Many pro horns have been created to have constant directivity through complex throat and mouth geometries, but conicals have this naturally. The other thing they have is a totally natural sound, without colorations typical of other curved horns. This is the real sticking point to my mind, why audiophiles have issues with horn speakers. The problem is the constriction at the throat typical of these horns. Its kind of like the difference between a trumpet and a megaphone. A trumpet is loud, really loud, and its quite short. A megaphone is not so loud, but a voice coming through it is clear. The trumpet is much louder because its more efficient, specifically it couples the air in the mouth of the trumpeter to the surrounding air better than the megaphone, because that constriction presents a small air column which rapidly expands to the sound waves. The conical horn does not have that constriction.

When audiophiles tell me they hate horns, my usual response is, well, you’ve never heard conical horns. If they argue, I simply ask them what company’s conical horn loudspeakers they have heard? Because there are none. OMA is the first company to ever make hifi conical loudspeakers, and there are only a handful of pro companies (actually the best ones) which make conical loudspeakers for use in concerts or venues.

Sometimes audiophiles tell me how much they hated horns after hearing conicals for the first time, such as in our showroom, and its typically offered as a heartfelt confession. “I thought I would hate them, but they don’t sound like horns.”

You may wonder, if conical horns are so great, why is OMA the only company that makes them (for domestic use.) The answer is simple. Size. Conical horns are a lot bigger than their curved cousins. The reason the AR1 was such a huge success, and why it put most horn speaker companies out of business, is size (and cost, which follows from size.) The whole history of audio for the last 50 plus years has been making things smaller and cheaper. Conicals are neither and horns in general have not been on the home audio map since gas was 20 cents a gallon.

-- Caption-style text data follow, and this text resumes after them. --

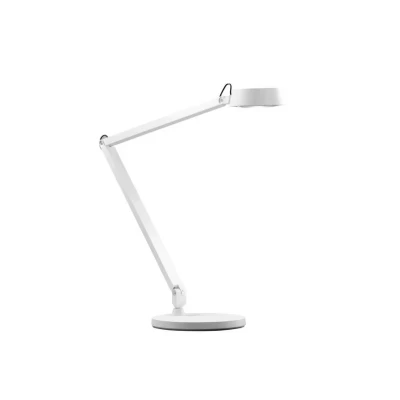 Image de Light Point Dark Base T2 White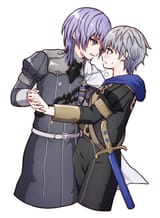 __ashe_ubert_and_yuri_leclerc_fire_emblem_and_1_more_drawn_by_nononon_r__6d2c3dad49402e383e85f86e55519b82
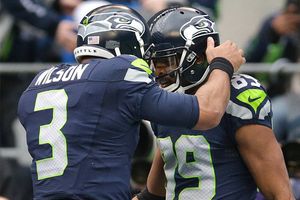 Seattle amarra su pase a la Postemporada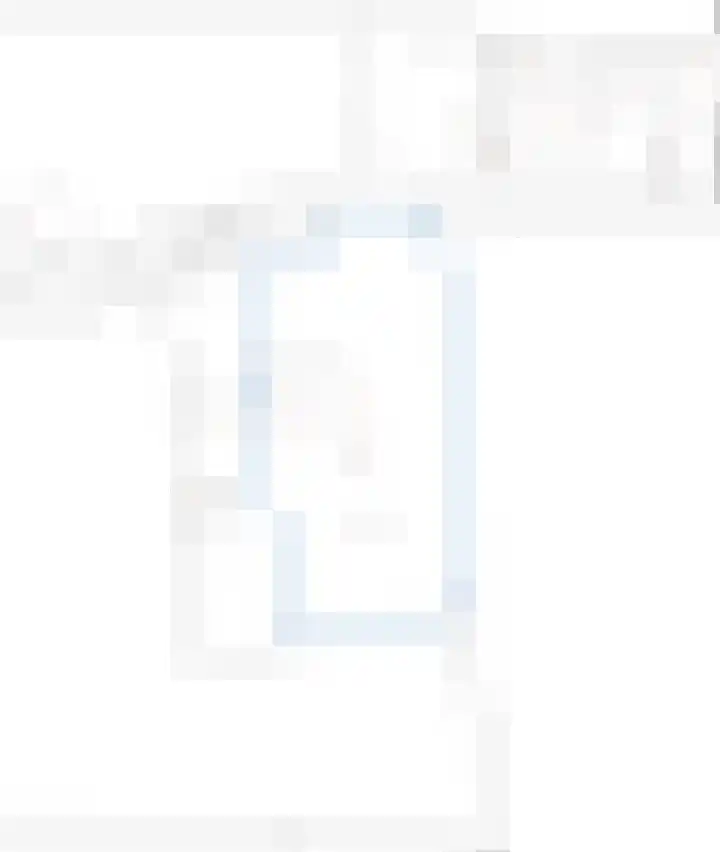 Rinkesfort 14 A Maasbree thumbnail 81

Before electronic microphones and amplifiers arrived in the mid 1920’s all recording was done by the musician or singer performing into a big horn. Its the exact reverse of what we do at OMA- the energy coming from the musician’s instrument or singers voice is concentrated by the horn onto a little device which physically cut the groove into a record. The funny thing is that when you look at the historical photos, you only see conical horns, never curved ones (which were used exclusively on the phonographs of the era.) It seems they already knew that the conical horn was the only one which did not color the sound of the performance. They didn’t have the benefit of all our science and technology. They just used their ears.